Ainsi je passe chez gabriels. f., son blog d’écriture, toujours réactualisable, d’abord parce que se présentent certaines autres idées et projets, et justement parce que cela se modèle au fur et à mesure, pour l’instant, donc, j’y trouve  en suivant le sommaire de ces « choses différentes » qui s’entrecroisent, des lignes, ce qui a trait à un personnage fuyant, des notes parcellaires sur certains films, extraits de journal, nouvelles, récits ou proses « complètes », d’autres choses, expériences, inclassés, un roman dont dont chaque page peut se lire indépendamment (d’ailleurs les pages n’existent pas toutes) et Louise qui garde des appartements de gens absents.
J’aime les blogs de ce genre-là, qui sont une forme où l’on peut aller en étant soi et se cherchant, au contraire des « grands » genres pour qui finalement, de nos jours, le lecteur n’est personne. gabriels. f. c’est une écriture en retenue, paraissant comme sous un voile, qui décline les tonalités du gris, se porte vers ce qui ne se voit pas à l’abord, explore la précision du flou, celui de l’existence de soi et des autres, c’est un regard qui fait ses heures de nuit…
boulevard de dépit (rue du départ)
amer mais j’ai mordu dans rien
tout le monde était de sortie sans moi
et pourtant les rues que je prenais restaient obstinément vides
et mes chaussures ne faisaient aucun bruit sur le trottoir
j’ai fini par arriver sur le 105 boulevard
histoire de voir les gens se parler
et chacun mener son petit travelling
cheverny excusez-moi monsieur
me disait le serveur à chaque passage
car il oubliait sans cesse de me servir
il y a ceux qui sont et ceux qui ne sont pas
c’était cette petite mélancolie détestable
d’un cœur qui hésite entre automne et printemps
et j’entendais sur la terrasse une femme répéter n fois le mot « erreur »
quand résonnait sans cesse dans ma tête le mot « dépit »

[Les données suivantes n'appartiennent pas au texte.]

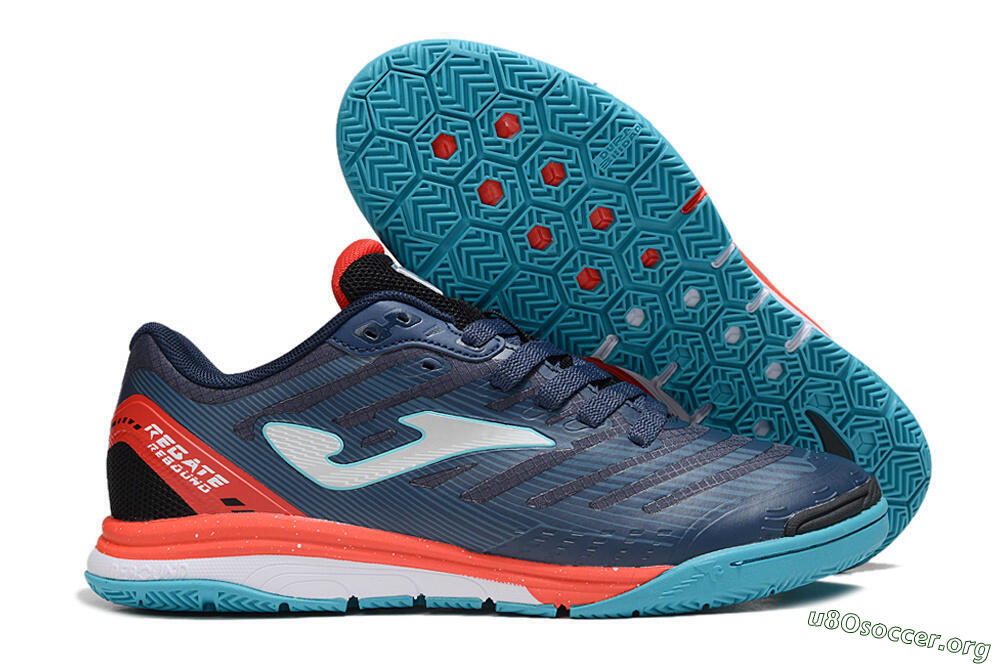 Joma Top Flex IC Football Shoes - Blue/Silver/Red 2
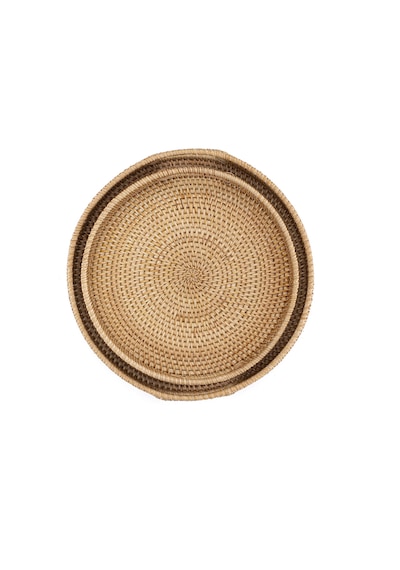Meander El Yapımı Yuvarlak Küçük Boy Rattan Çok Amaçlı Kulplu Tep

passaient de grands cygnes en mode escarpins
des proies et des ombres
des lécheurs de glaces
des costumes rayés genre « pas mal »
le garçon récitait le menu et ses variations
j’entendais un type parler de faux-départs
il me faisait penser à quelqu’un qu’il n’était pas
il y a ceux qui sont et ceux qui ne sont pas
j’imaginais qu’assez loin en face
dans ce grand immeuble d’un autre temps
un homme nous regardait derrière sa haute fenêtre noire
pourtant le spectacle se terminait
et je n’avais même pas envie d’achever le poème
froid de personne
c’est le froid de personne. je regarde souvent la rue vers une ou deux heures du matin, par la fenêtre. quelque chose de fascinant, car rien ne va bouger pendant cinq, six heures. il suffit d’observer quelques minutes pour avoir un aperçu de la nuit en pause longue. je prends soin du décor minimal. on sent bien que le froid cherche à s’abattre sur les passants, mais il n’y a personne. je devine sa rage, je le vois parcourir les rues noires. on dirait un concours d’âmes mortes. parfois une ou deux rares silhouettes pressées, dont on ne distingue rien, juste une forme un peu pliée en trombone, qui avance.
et moi, qui me sens libéré pour quelques heures, je compose avec la fatigue et une lucidité tremblante, qui ouvrent un canal inespéré. c’est comme une rançon sur le rien, sauver quelque inconnu dont vous avez à peine entrevu le visage. ça peut me prendre toute la nuit, jusqu’aux premiers camions. mais c’est le seul moment où je peux inventer un peu l’invisible, le rendre palpable, élastique.